- The paper introduces GeT-USE, a framework that learns generalized tool usage through simulated embodiment extensions to enhance bimanual manipulation.
- It leverages a dual-phase process: first, it builds tools in simulation via reinforcement learning, then distills vision-based policies for real-world deployment.
- Experimental results show a 30-60% improvement over baselines, emphasizing the importance of 6-DOF control and robust tool selection in challenging tasks.
Introduction and Motivation
The paper introduces GeT-USE, a framework for learning generalized tool usage in bimanual mobile manipulation tasks by leveraging simulated embodiment extensions. The central premise is that robots can acquire versatile manipulation capabilities by first exploring and learning to extend their own embodiment in simulation, and then transferring the learned geometric and control strategies to real-world visuomotor policies.
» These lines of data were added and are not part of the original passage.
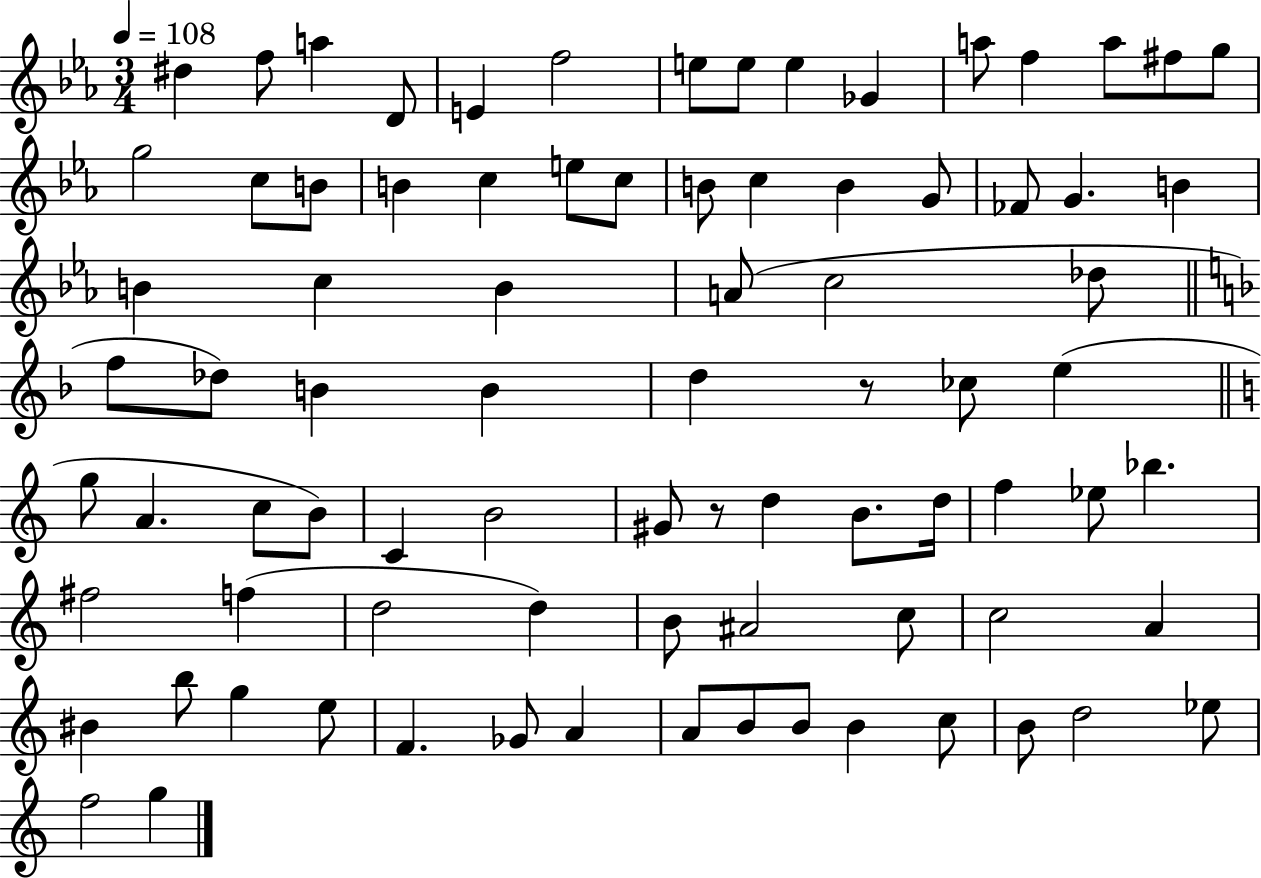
X:1
T:Untitled
M:3/4
L:1/4
K:Eb
^d f/2 a D/2 E f2 e/2 e/2 e _G a/2 f a/2 ^f/2 g/2 g2 c/2 B/2 B c e/2 c/2 B/2 c B G/2 _F/2 G B B c B A/2 c2 _d/2 f/2 _d/2 B B d z/2 _c/2 e g/2 A c/2 B/2 C B2 ^G/2 z/2 d B/2 d/4 f _e/2 _b ^f2 f d2 d B/2 ^A2 c/2 c2 A ^B b/2 g e/2 F _G/2 A A/2 B/2 B/2 B c/2 B/2 d2 _e/2 f2 g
This approach addresses the limitations of prior work, which typically assumes the presence of a single, ideal tool and does not generalize to scenarios where the optimal tool is absent or multiple objects are available.
Figure 1: GeT-USE enables a TIAGo robot to solve bimanual mobile manipulation tasks by learning in simulation to build tools and transferring the strategy to real-world vision-based modules.
Framework Overview
GeT-USE operates in two main phases:
- Simulated Embodiment Extension: The robot incrementally builds tools by appending small blocks to its wrists in simulation, guided by a reinforcement learning policy. The policy receives depth images and outputs the position and size of new blocks, terminating when a suitable tool is constructed. Success is determined by executing a predefined manipulation strategy using privileged information.
- Vision-Based Module Training and Sim2Real Transfer: The geometric and morphological properties of successful simulated tools are distilled into three vision-based modules:
- Generalized Tool Selector: Trained to rank real-world objects by their suitability for the task using depth images.
- Visuomotor Tool Grasping Policy: Learns to grasp selected objects using depth images and proprioception.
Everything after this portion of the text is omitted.